▶ _What you need to do_
Please return the lines below verbatim, beginning at the one that has "scraper mop dedusting" and stopping after the one that has "Bedroom - 3653", and add no other lines.

▶ _Records for processing_
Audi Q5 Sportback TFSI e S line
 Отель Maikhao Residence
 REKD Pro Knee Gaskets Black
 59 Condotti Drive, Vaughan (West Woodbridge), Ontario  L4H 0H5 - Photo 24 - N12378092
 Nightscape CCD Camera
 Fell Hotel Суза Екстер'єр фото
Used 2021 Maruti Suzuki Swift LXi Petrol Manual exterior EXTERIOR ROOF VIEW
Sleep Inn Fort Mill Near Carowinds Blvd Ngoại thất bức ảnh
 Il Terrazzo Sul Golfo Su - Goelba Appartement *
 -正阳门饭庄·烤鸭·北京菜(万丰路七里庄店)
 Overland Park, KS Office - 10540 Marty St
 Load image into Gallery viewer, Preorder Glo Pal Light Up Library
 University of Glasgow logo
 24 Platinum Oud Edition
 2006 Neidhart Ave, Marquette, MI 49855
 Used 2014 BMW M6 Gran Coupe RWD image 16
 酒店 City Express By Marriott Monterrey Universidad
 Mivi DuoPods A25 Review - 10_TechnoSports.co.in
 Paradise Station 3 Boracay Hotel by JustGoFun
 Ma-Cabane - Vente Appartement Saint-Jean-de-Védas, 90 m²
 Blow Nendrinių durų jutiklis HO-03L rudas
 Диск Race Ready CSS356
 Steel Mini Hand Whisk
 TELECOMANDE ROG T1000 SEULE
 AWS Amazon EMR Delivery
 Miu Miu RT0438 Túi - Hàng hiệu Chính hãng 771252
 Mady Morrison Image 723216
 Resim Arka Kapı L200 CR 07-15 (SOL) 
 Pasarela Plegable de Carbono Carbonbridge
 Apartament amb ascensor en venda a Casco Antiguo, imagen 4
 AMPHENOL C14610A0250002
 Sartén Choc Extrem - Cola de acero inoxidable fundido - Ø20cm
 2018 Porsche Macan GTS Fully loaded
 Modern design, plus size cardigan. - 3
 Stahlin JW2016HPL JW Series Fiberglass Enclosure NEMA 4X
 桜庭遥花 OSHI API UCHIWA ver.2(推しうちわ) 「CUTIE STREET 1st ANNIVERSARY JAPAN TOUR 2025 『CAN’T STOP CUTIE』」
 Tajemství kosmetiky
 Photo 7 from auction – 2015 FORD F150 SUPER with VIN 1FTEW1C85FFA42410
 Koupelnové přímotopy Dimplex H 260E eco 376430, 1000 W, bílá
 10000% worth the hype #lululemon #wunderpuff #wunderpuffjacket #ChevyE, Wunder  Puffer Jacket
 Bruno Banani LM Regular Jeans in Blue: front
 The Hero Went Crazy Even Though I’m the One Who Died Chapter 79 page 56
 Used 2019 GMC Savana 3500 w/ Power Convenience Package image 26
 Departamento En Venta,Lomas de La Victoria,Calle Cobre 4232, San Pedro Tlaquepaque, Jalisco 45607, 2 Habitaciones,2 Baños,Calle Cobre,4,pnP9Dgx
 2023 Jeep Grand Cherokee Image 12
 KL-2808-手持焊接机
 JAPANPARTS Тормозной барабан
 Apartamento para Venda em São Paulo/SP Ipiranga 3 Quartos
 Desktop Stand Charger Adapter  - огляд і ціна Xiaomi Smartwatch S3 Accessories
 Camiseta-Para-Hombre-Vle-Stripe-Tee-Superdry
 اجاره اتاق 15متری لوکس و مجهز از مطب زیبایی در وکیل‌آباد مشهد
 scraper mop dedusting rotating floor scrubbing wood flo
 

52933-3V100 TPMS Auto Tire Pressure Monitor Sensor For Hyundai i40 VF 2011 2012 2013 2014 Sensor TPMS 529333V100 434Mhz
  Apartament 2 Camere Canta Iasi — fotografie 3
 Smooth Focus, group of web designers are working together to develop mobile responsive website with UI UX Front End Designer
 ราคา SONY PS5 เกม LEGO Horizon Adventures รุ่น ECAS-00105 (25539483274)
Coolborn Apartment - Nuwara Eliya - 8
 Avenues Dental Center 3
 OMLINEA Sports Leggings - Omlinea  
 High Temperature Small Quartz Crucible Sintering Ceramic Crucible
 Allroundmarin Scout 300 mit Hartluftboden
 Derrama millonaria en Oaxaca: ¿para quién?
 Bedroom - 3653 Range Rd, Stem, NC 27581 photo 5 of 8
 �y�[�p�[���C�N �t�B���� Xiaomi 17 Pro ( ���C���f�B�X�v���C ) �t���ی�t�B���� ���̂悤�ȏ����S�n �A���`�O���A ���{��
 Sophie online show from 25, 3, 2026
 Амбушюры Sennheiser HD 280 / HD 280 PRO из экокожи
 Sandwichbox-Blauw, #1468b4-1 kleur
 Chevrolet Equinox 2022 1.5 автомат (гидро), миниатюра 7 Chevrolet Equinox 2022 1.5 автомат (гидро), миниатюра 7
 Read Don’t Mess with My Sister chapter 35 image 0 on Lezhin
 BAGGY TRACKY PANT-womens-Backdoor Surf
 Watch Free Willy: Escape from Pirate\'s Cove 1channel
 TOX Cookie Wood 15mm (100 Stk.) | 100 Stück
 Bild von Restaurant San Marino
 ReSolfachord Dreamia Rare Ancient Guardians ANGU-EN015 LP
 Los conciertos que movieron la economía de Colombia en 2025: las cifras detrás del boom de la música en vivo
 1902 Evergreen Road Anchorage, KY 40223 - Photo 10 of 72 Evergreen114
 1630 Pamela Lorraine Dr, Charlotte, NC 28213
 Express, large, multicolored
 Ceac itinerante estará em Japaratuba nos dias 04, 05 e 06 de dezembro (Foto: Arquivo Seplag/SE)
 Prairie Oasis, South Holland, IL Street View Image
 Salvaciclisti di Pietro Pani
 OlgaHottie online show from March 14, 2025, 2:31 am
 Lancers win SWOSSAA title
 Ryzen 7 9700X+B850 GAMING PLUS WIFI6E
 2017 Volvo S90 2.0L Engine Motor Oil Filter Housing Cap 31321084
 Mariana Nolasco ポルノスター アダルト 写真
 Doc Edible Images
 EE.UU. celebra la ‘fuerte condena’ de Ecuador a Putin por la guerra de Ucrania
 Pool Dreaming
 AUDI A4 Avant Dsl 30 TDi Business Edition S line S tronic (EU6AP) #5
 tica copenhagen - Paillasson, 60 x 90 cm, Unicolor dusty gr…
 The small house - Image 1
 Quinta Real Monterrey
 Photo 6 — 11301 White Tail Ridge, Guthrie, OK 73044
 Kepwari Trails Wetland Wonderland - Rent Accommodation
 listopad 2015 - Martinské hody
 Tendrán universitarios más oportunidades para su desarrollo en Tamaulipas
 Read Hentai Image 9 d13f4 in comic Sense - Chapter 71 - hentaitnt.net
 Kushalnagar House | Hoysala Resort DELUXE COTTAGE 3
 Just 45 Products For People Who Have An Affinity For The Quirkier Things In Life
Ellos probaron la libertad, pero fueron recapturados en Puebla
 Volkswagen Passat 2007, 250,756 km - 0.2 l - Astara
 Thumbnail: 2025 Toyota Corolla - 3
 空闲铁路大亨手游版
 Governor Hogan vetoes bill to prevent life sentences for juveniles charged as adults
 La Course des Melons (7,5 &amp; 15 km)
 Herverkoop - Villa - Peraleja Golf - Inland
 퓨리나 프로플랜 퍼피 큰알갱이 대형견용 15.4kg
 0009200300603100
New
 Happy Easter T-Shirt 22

▶ _Answer to the exercise_
 scraper mop dedusting rotating floor scrubbing wood flo
 

52933-3V100 TPMS Auto Tire Pressure Monitor Sensor For Hyundai i40 VF 2011 2012 2013 2014 Sensor TPMS 529333V100 434Mhz
  Apartament 2 Camere Canta Iasi — fotografie 3
 Smooth Focus, group of web designers are working together to develop mobile responsive website with UI UX Front End Designer
 ราคา SONY PS5 เกม LEGO Horizon Adventures รุ่น ECAS-00105 (25539483274)
Coolborn Apartment - Nuwara Eliya - 8
 Avenues Dental Center 3
 OMLINEA Sports Leggings - Omlinea  
 High Temperature Small Quartz Crucible Sintering Ceramic Crucible
 Allroundmarin Scout 300 mit Hartluftboden
 Derrama millonaria en Oaxaca: ¿para quién?
 Bedroom - 3653 Range Rd, Stem, NC 27581 photo 5 of 8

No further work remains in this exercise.